Problem
Return exactly the lines below, starting with the one that has "Jual Daihatsu Xenia Xi Vvti tahun 2009" and going on through the one that has "Yang Haiquan as Coachman".

Records to process
____

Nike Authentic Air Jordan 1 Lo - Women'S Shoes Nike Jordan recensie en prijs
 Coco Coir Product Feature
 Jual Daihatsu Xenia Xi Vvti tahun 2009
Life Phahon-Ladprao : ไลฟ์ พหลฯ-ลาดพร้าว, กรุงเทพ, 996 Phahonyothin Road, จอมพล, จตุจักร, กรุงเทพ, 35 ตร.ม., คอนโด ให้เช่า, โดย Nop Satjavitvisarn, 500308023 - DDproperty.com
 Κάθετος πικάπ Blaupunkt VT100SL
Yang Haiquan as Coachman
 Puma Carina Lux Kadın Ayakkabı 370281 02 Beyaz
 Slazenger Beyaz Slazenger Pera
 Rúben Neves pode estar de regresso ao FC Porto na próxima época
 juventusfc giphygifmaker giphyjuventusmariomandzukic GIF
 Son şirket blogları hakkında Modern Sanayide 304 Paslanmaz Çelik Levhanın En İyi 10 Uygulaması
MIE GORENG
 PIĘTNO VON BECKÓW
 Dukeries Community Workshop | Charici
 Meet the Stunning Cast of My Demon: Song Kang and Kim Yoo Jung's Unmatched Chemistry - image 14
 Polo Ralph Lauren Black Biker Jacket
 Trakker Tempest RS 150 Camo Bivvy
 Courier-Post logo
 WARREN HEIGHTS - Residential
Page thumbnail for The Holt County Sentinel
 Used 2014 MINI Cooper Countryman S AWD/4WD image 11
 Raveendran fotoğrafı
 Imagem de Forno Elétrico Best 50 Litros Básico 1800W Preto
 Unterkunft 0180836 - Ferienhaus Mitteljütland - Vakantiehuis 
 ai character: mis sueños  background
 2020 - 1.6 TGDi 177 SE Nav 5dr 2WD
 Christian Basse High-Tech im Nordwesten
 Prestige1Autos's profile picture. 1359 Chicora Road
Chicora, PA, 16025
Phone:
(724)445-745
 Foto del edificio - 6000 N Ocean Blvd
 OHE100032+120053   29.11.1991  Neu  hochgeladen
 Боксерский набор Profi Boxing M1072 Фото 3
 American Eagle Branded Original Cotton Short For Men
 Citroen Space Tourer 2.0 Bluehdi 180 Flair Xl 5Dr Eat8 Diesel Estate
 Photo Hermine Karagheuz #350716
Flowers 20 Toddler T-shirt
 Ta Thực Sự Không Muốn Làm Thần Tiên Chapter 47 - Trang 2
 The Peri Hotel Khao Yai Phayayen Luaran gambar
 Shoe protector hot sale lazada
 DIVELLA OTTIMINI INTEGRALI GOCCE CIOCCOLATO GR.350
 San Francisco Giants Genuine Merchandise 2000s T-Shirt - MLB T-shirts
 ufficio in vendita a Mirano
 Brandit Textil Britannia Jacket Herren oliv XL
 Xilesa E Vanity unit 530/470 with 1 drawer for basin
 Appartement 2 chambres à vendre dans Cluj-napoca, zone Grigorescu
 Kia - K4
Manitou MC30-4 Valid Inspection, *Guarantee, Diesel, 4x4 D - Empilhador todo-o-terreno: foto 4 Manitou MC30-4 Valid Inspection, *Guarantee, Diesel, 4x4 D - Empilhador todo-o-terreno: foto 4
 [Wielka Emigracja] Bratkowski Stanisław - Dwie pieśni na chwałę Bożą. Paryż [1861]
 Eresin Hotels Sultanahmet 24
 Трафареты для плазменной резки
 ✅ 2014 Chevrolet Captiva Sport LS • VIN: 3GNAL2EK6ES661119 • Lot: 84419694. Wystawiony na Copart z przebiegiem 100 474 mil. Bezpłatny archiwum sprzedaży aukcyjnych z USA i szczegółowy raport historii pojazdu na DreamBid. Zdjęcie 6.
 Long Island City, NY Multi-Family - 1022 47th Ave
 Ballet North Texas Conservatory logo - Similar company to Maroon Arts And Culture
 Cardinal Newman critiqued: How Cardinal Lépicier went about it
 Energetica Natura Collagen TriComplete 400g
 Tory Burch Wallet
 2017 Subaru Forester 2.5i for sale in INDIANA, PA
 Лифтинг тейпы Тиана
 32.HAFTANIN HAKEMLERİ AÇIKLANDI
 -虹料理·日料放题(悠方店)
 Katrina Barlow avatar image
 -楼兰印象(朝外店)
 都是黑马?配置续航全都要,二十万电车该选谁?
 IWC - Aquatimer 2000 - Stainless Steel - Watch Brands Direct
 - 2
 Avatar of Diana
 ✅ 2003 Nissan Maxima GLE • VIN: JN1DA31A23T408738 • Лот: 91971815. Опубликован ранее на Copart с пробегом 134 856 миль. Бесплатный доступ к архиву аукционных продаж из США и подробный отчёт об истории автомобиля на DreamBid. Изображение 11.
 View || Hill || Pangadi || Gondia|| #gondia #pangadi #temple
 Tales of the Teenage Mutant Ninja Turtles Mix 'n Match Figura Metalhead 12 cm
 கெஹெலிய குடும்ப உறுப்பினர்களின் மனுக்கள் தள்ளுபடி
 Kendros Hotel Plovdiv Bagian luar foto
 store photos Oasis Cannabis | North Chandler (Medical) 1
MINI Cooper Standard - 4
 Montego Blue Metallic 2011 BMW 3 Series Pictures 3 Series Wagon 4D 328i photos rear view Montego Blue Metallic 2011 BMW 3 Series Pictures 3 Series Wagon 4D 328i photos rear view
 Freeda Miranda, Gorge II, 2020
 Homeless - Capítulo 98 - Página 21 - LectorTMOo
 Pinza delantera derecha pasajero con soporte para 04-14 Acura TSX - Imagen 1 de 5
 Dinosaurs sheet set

____

Answer space
 Jual Daihatsu Xenia Xi Vvti tahun 2009
Life Phahon-Ladprao : ไลฟ์ พหลฯ-ลาดพร้าว, กรุงเทพ, 996 Phahonyothin Road, จอมพล, จตุจักร, กรุงเทพ, 35 ตร.ม., คอนโด ให้เช่า, โดย Nop Satjavitvisarn, 500308023 - DDproperty.com
 Κάθετος πικάπ Blaupunkt VT100SL
Yang Haiquan as Coachman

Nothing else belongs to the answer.